Released on Netflix, In the Tall Grass stars Laysla de Oliveira and Avery Whitted as Becky and Cal DeMuth, siblings who are on a road trip to San Diego. Unlike the original Stephen King In the Tall Grass short story, the movie introduces Travis (Harrison Gilbertson), the father of Becky’s baby, who wasn’t interested in being a father but goes looking for Becky after she goes missing. Also lost in the tall grass are Ross (Patrick Wilson), Natalie (Rachel Wilson), and Tobin Humboldt (Will Buie Jr.), a family who were lured into the grass by Travis’ voice, and who in turn lured Becky and Cal in.



In The Tall Grass’ Ending Explained

Becky Is Fed Her Own Baby

In the Tall Grass Tobin

In the Tall Grass explained the final fates of its main characters in the ending. Becky manages to escape from Ross Humboldt by stabbing him in the eye, only to then be mobbed by the figures she has been seeing in the tall grass. They carry her to the Black Rock of the Redeemer, and in the mud in front of it, she suffers a miscarriage. Becky awakes to find Cal crouching over her, with the dead fetus wrapped in a bundle. What happens next is the In the Tall Grass‘ most disgusting scene. Becky loses consciousness again and wakes up to find Cal feeding her something. She asks what she’s eating and he replies, “Grass. Just grass.”


Too late, Becky realizes that the food tastes familiar because it tastes like her, and Cal has been feeding her pieces of her own baby. Not only that, but it’s not Cal feeding her, but Ross Humboldt. Travis and Tobin arrive in the clearing to find Becky near death, and soon after, Travis is attacked by Ross, who stabs him in the stomach with a broken bone that he pulls out of the mud. Ross then tries to force Tobin to touch the rock but is stopped by Becky, who removes his remaining eye with her necklace.

Finally, some justice is served in the Stephen King/Joe Hill collaboration during In The Tall Grass’ ending. Travis kills Ross by strangling him with a bundle of grass, but Becky also dies from the trauma of her miscarriage. Realizing that he too is dying from his stab wound, Travis touches the rock to gain an understanding of the grass, which he then uses to transport Tobin back to the church.


How The In The Tall Grass Time Loop Works

The Time Travel Rules Of The Netflix Horror Movie Are Complex

Stephen King's In The Tall Grass Netflix Still

Though there are unanswered questions, In the Tall Grass explained the mechanics of its time travel loop at the ending. Tobin emerges from the church to find that he has traveled back to just before Becky and Cal entered the tall grass. As they listen to the other Tobin’s cries from inside the grass, Tobin warns them not to go into the field and shows Becky the bloodied double of her necklace that Travis gave to him. Realizing that something isn’t right, though not that Tobin has traveled back in time, Becky says that they should take Tobin to the police station in the town that they passed through.

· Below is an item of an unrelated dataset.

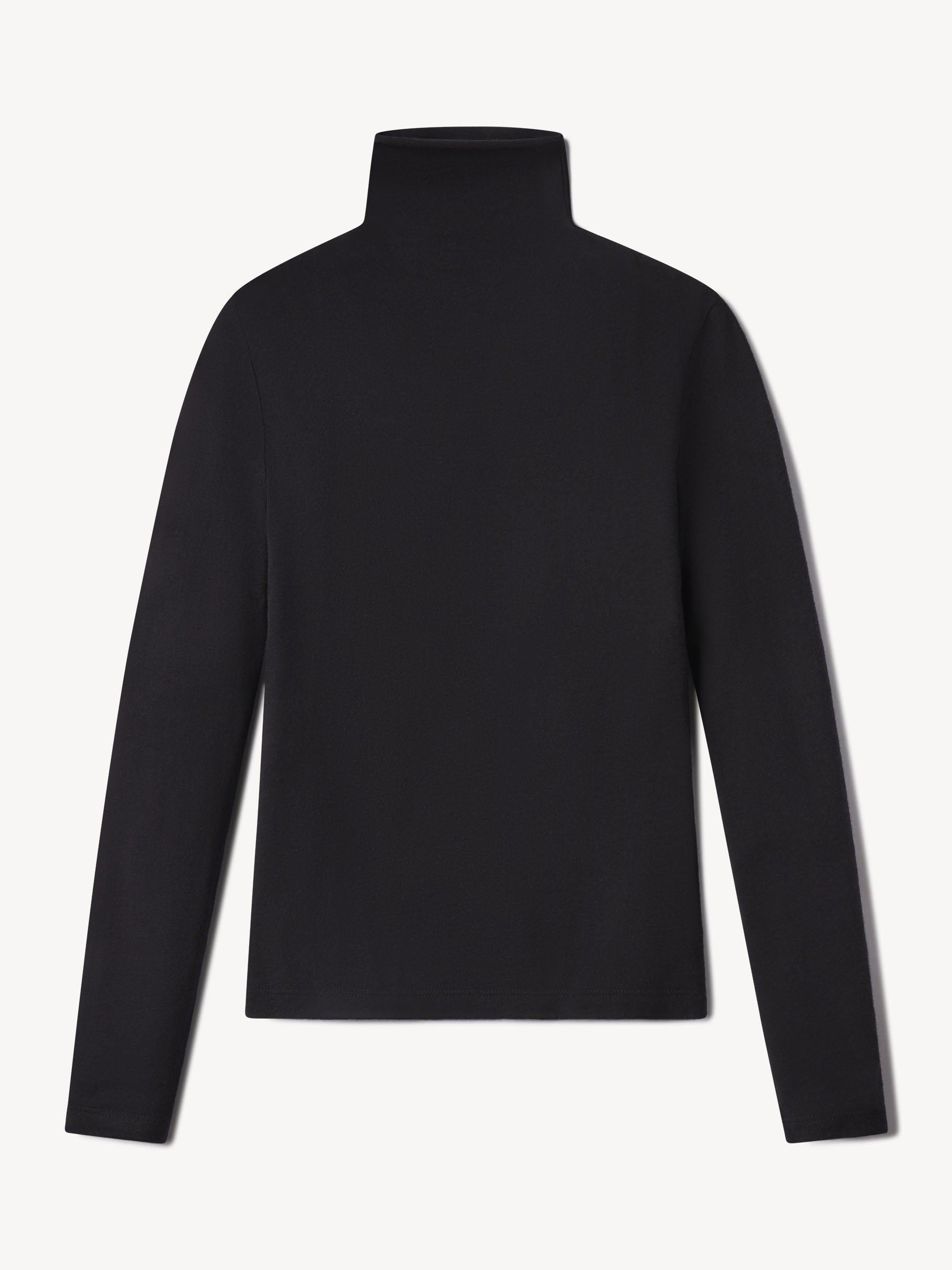 Black Cloud Jersey Turtleneck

Becky also decides that she doesn’t want to give her baby up for adoption in San Diego after all. In the Tall Grass’s ending scene sees Becky and Cal leave, and back in the tall grass, Travis succumbs to his stab wound, with the grass closing over him. Notably, the tall grass manipulates not only space but time as well: The three parties who enter the tall grass are trapped in a time loop wherein they keep following each other’s voices (or, in Travis’ case, Becky’s lost copy of Jane Eyre) into the field.

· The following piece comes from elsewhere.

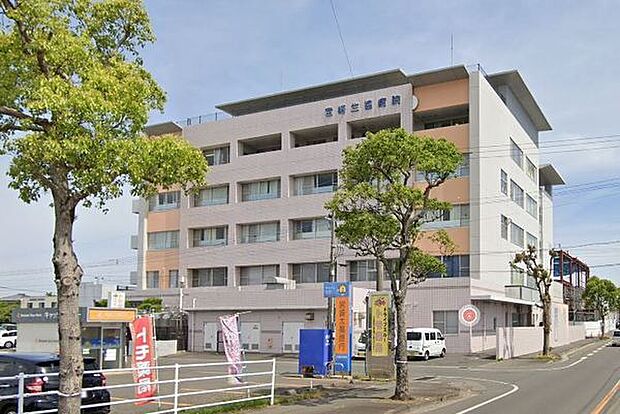 宮崎生協病院まで1589m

Trapped within the In the Tall Grass time loop, they die over and over again, killed by Ross Humboldt, and their only hope of redemption is the black rock inside the field. Touching the rock will gift them with the knowledge of how to leave the tall grass — while also making it so that they never want to. All of this leads up to In the Tall Grass’ ending, which is ultimately twisted and tragic.

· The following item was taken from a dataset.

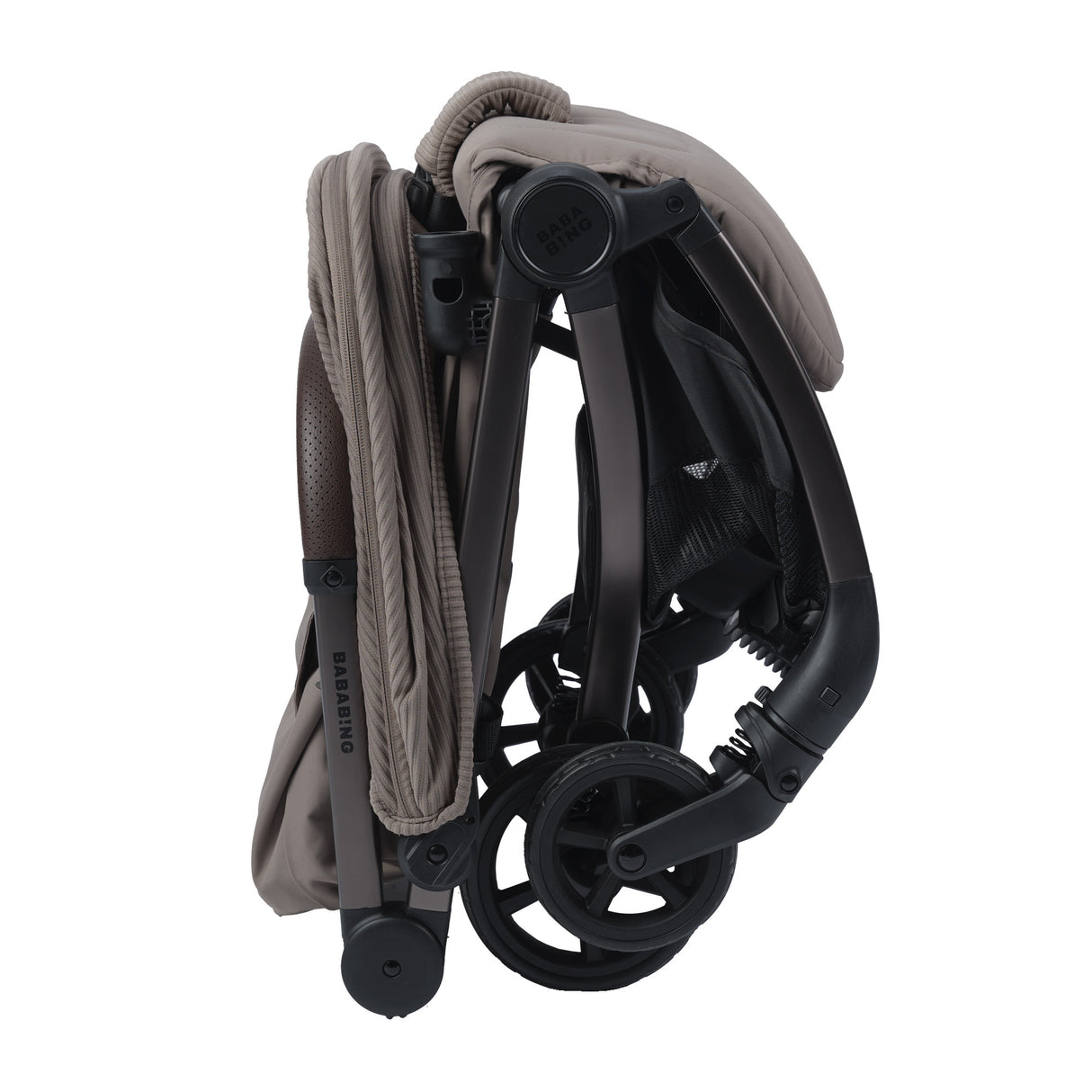 Bababing Compact Stroller 2026 - Mink 3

Is Travis Still Stuck In The Tall Grass?

It’s Unlikely That Travis Escaped The Field

In the Tall Grass - Travis

While In the Tall Grass explained how the time loop works, it also left viewers with a key question. By helping Tobin to break free and warn Becky and Cal away from the field, has Travis broken the In the Tall Grass time loop and also liberated himself, Ross, and Natalie? The final shot of In the Tall Grass, in which Travis is shown dying on the ground before the grass closes over him, seems to indicate that this isn’t the case. At the same time, Travis didn’t originally set out to pursue Becky and Cal until they’d been missing for two months, which would presumably mean that there’s still a version of Travis back home.


Meanwhile, the situation with In the Tall Grass‘ Humboldt family is different. It appears that the Humboldts arrived at the church in the silver car that Cal parks behind. It’s the only car not covered in dust when audiences see the Humboldts enter the tall grass later. This would mean that the Humboltds were chronologically the first group to enter the tall grass — even though they were lured in by Travis. Since there was no one to prevent them from going in, and they never managed to escape, it’s heavily implied that Ross and Natalie remain trapped for In the Tall Grass’ ending, and Tobin has effectively been orphaned.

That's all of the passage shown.